Do Not Optimize Away

Compilers are sneaky beasts. If you time code like this:

var total: u32 = 0;
for (0..N) |i| total += i;
print("total={}", .{total});

You will discover that LLVM is as smart as a little kid named Gauss, and replaces the summation with an equivalent formula N ( N + 1 ) 2 .

What’s more, if you write something more complicated like total += i + 2*i*i - i*i*i, you’ll see that LLVM figures out a closed-form expression for that as well (a generalization of the Gauss trick I proudly figured out in 11th grade). See for yourself: https://godbolt.org/z/T9EcTb8zq

Usually, this kind of thing is desirable — code runs faster! Except when you are trying to benchmark your code, and instead end up benchmarking an elaborate no-op.

There are two pitfalls with benchmarking. First, in

const start = now();
_ = computation()
const elapsed = now() - start;

a reasonable compiler can notice that computation’s result is not used, and optimize the entire computation away.

Second, in

const parameter_a = 1_000_000;
const parameter_b = 1_000;

const start = now();
_ = computation(parameter_a, parameter_b);
const elapsed = now() - start;

even if the computation is not elided as a whole, compiler can constant-fold parts of it, taking advantage of the fact that values of parameters are known at compile time.

Time To Be Killing The Dragon Again

Usually languages provide some sort of an explicit “please do not optimize this away” function, like Rust’s hint::black_box or Zig’s mem.doNotOptimizeAway, but they always felt like snake oil to me:

  • Their semantics is tricky. It is sort of impossible to explain what exactly can and can not be optimized: the whole compilation pipeline is based on erasing everything about the original form of the code, maintaining only the semantics.
  • There’s a simpler and more direct way to achieve the desired result. Just open the box and check if the cat is there!

It’s easier to explain via an example. Let’s say I am benchmarking binary search:

fn insertion_point(xs: []const u32, x: u32) usize { ... }

I would use the following benchmarking scaffold:

fn benchmark(arena: Allocator) !void {
    const element_count =
        try parameter("element_count", 1_000_000);
    const search_count =
        try parameter("search_count", 10_000);

    const elements: []const u32 =
        make_elements(arena, element_count);
    const searches: []const u32 =
        make_searches(arena, search_count);

    const start = now();
    var hash: u32 = 0;
    for (searches) |key| {
        hash +%= insertion_point(elements, key);
    }
    const elapsed = now().duration_since(start);

    print("hash={}\n", .{hash});
    print("elapsed={}\n", .{elapsed});
}

fn parameter(comptime name: []const u8, default: u64) !u64 {
    const value = if (process.hasEnvVarConstant(name))
        try process.parseEnvVarInt(name, u64, 10)
    else
        default;
    print(name ++ "={}\n", .{value});
}

On the input side, the parameter function takes a symbolic name and a default value.
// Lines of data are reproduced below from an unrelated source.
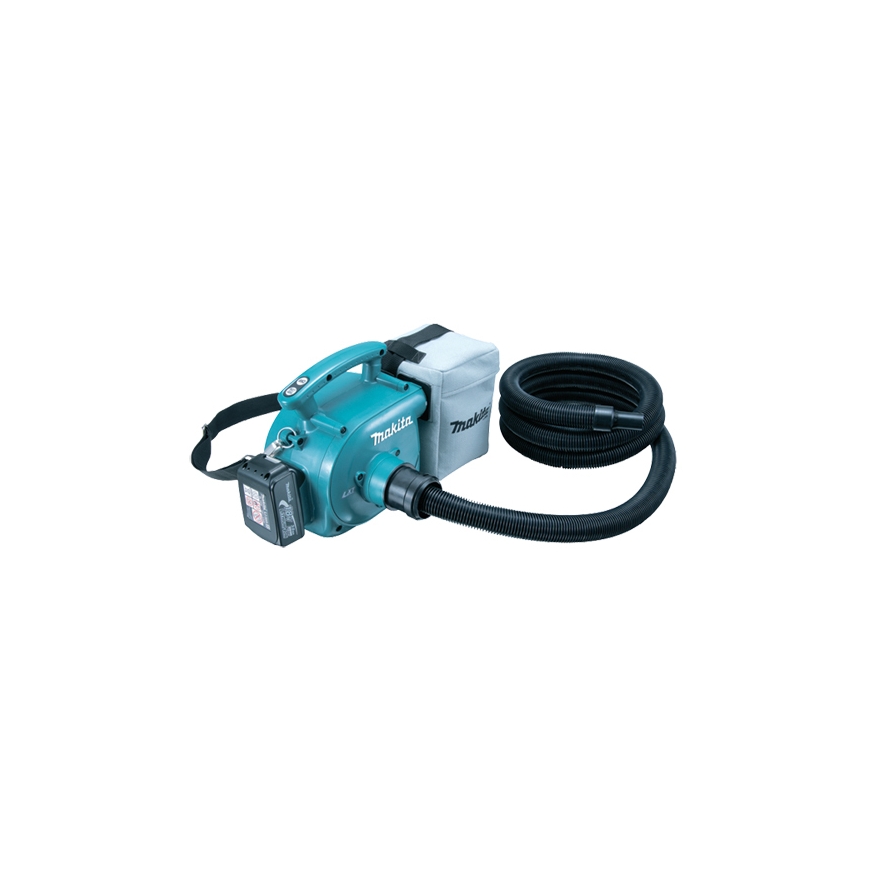 Makita DVC350Z putekļu atdalītājs Melns, Zils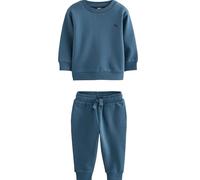 NEXT Ragazzo Completo con felpa e pantaloni da jogging con logo Blu alzavola 12 Mesi-18 Mesi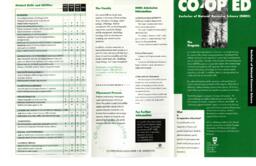 Bachelor of natural resource science: Co-op ed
It looks up the value among the environmental variables, with fallback. Because the value can be specified at runtime, compiler can’t optimize assuming a particular constant. And you also get a convenient way to re-run benchmark with a different set of parameters without recompiling.

On the output side, we compute an (extremely weak) “hash” of the results. For our binary search — just the sum of all the indexes. Then we print this hash together with the timing information. Because we use the results of our computation, compiler can’t optimize them away!
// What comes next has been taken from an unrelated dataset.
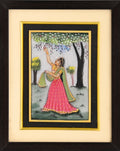 Ragamala Lady in the Garden — Indian Miniature Painting on Paper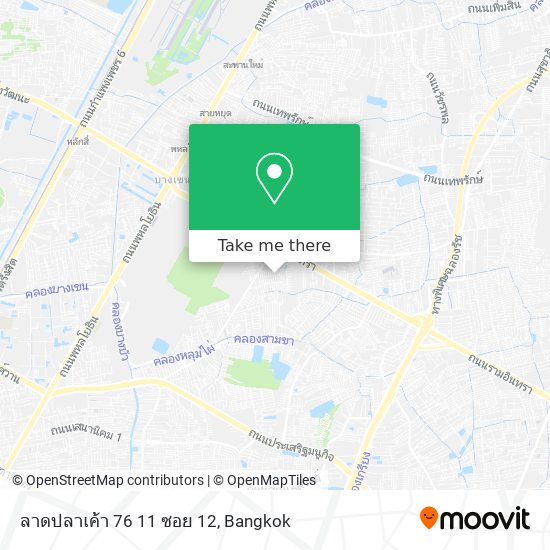 ลาดปลาเค้า 76 11 ซอย 12 map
Similarly to the parameter function, we also get a bonus feature for free. You know who also loves making code faster by deleting “unnecessary” functionality? I do! Though I am not as smart as a compiler, and usually end up deleting code that actually is required to get the right answer. With the hash, if I mess my optimization work to the point of getting a wrong answer, I immediately see that reflected in an unexpected value of the hash.

Consider avoiding black boxes for your next benchmark. Instead, stick to natural anti-optimizing-compiler remedies:

  • Make input parameters runtime overridable (with compile time defaults),
  • print the result (or the hash thereof).